Oui. La famille, c’est une micro-société, donc on décèle beaucoup de non-dits dans les familles et puis de perte de contrôle et il y a l’héritage. Effectivement, il y a pas mal de textes qui questionnent la parentalité, l’instinct maternel, les dégâts collatéraux de chocs émotifs dans la famille, sur des enfants. Comment après, dans le souvenir, les choses peuvent remonter. Mais ce n’est pas un thème qui a été choisi.

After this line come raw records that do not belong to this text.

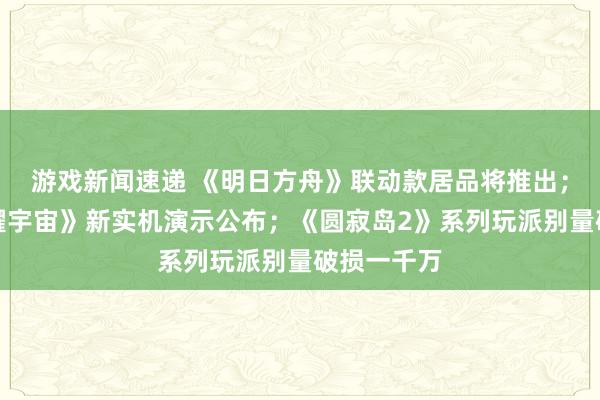 游戏新闻速递 《明日方舟》联动款居品将推出；《王者荣耀宇宙》新实机演示公布；《圆寂岛2》系列玩派别量破损一千万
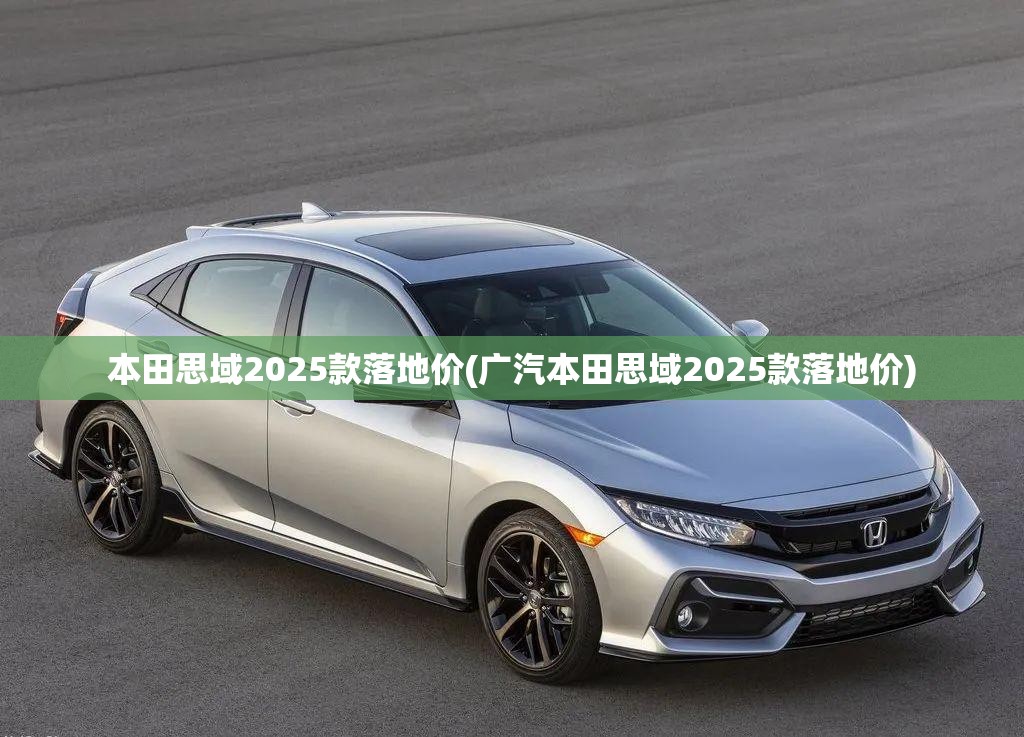本田思域2025款落地价(广汽本田思域2025款落地价)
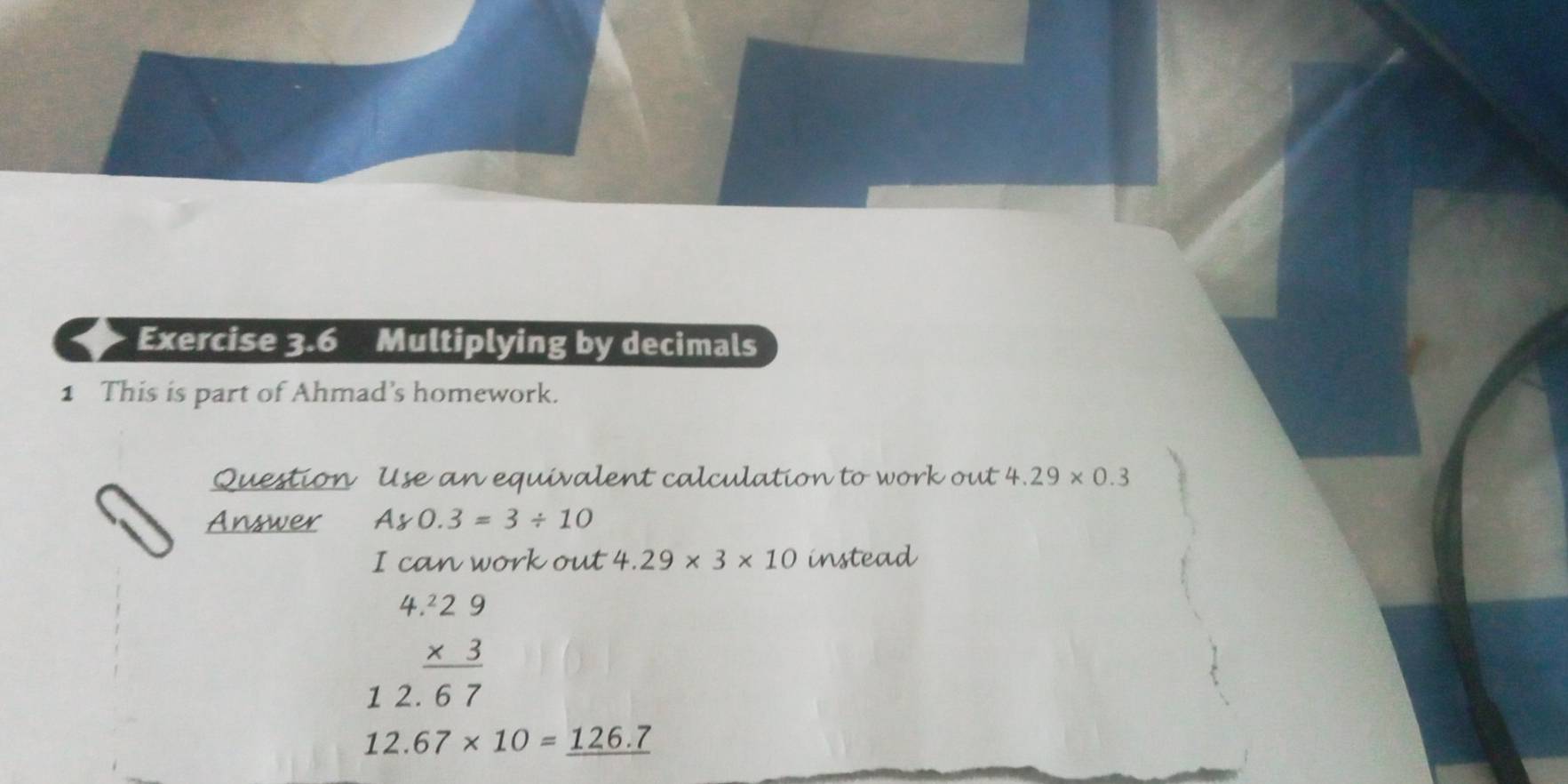 Multiplying by decimals 
1 This is part of Ahmad’s homework. 
Question Use an equivalent calculation to work out 4.29* 0.3
Answer Ay0.3=3/ 10
I can work out 4.29* 3* 10 instead
beginarrayr 4.229 * 3 hline 12.67endarray
12.67* 10=_ 126.7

Là, il y a un cap au Nord qui dépasse les Scandinaves. Il y a Sara Stridberg, qui est une grande autrice suédoise, qui revient pour la deuxième fois, il y a Magne Van Den Berg qu’on suit. Je trouve que c’est important de suivre des auteurs ou autrices, parce que l’œuvre d’un auteur, c’est sur un parcours. Il y en a qui ne sont pas connus, donc il y a des découvertes, mais il y a aussi un suivi sur certains qu’on veut accompagner, qu’on veut faire connaître, donc il y a une fidélité sur quelques figures. Il se trouve qu’on apprécie beaucoup Sara Stridberg, on apprécie beaucoup Monica Isakstuen et Magne Van Den Berg, donc il y a quelque chose qui s’est tissé comme ça. J’ai dit : « Ah bah tout ça, c’est le nord ». Donc il y a un cap au Nord qui a émergé. C’est comme ça que les choses se font, plutôt naturellement. Et puis bon, le cap au Nord, il va jusqu’au Québec, en fait.
C’est un lieu absolument magique au bord de la Moselle, où il y a à la fois l’hôtellerie, des espaces de de travail, on nous laisse la liberté d’équiper des salles, d’installer des salles en extérieur.
Cette synergie dont j’ai parlé avec l’Université d’été, elle existe aussi beaucoup par rapport au lieu, où tout le monde se rencontre sans arrêt et on est en immersion, on parle des textes du matin au soir jusqu’à même parfois 2 h du matin dans le chapiteau. On parle avec les interprètes, les metteurs en scène aussi. On est complètement libre en fait, on peut parler très tard dans la nuit et puis on rentre simplement. Il y a quelque chose qui est assez apaisant de pouvoir prendre le temps comme ça, d’échanger juste autour de des textes, c’est un luxe.
Complètement, il y a plein de gens qui viennent me dire ça, qu’ils ont une année très difficile et que là, c’est un temps suspendu et que ça, ça fait beaucoup de bien de d’être là à se concentrer sur les textes du festival, les rencontres, l’art, tout. On peut débrancher et se concentrer sur ce travail-là.
On recommence à lire et à chercher. En fait, on cherche toute l’année, il faut prendre le temps de découvrir les textes. Donc il n’y a pas une ligne directrice sur les textes, c’est pas volontariste comme ça, on est des chercheurs. Bon, ensuite je sais que j’ai envie de continuer à développer les cabarets, peut-être qu’on va faire intervenir d’autres arts, la magie ou les marionnettes, faire d’autres incursions artistiques tout en restant centré autour du texte.
Oui, je peux ajouter que la qualité de des présentations des lectures vient aussi beaucoup de la troupe éphémère d’artistes qui est constituée pour la Mousson et que c’est toute la passion des actrices et des acteurs qui s’emparent des textes et qui passent d’une écriture et d’un monde à un autre, sans regarder le temps de travail et que c’est eux qui font émerger tout ça et il faut les saluer.